*Exercise details*.
Skip pictures in the listing below; copy exactly the lines from the one with "Neueröffnung Hausgeräte Huth" through the one with "Primo QuickLights Coal", inclusive.

*Entries provided*.

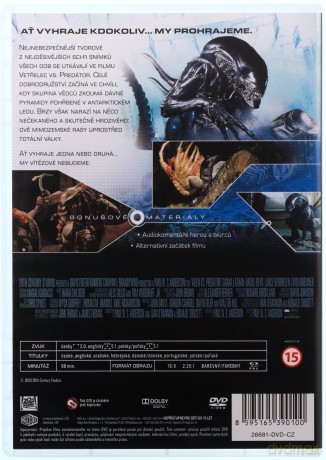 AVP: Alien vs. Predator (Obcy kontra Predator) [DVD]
...
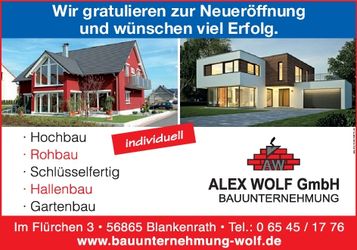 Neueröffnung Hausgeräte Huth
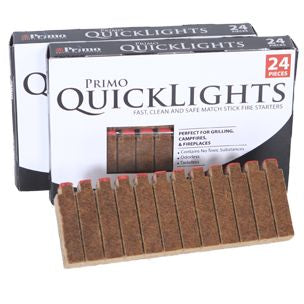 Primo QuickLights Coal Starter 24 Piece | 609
==
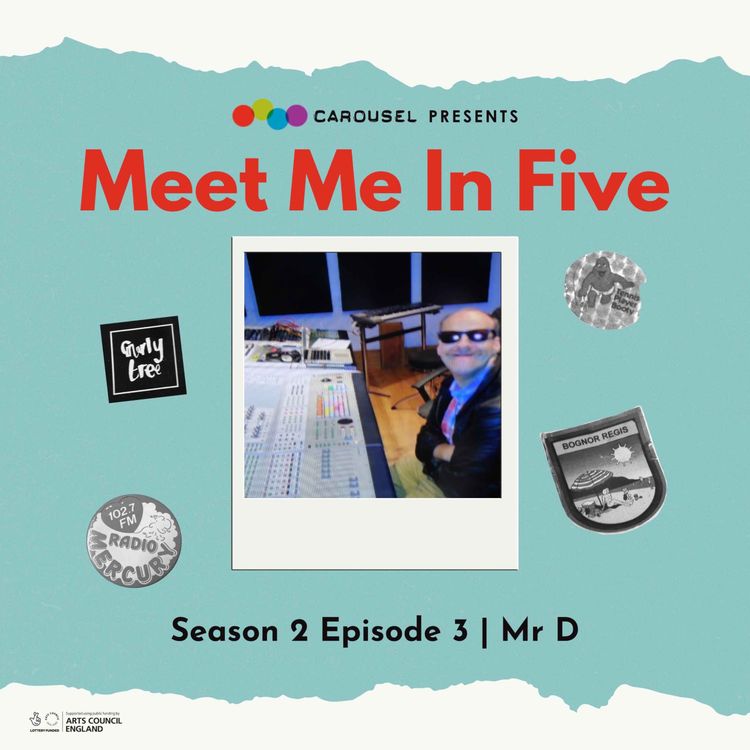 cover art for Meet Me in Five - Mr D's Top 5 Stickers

*Written reply*.
 Neueröffnung Hausgeräte Huth
 Primo QuickLights Coal Starter 24 Piece | 609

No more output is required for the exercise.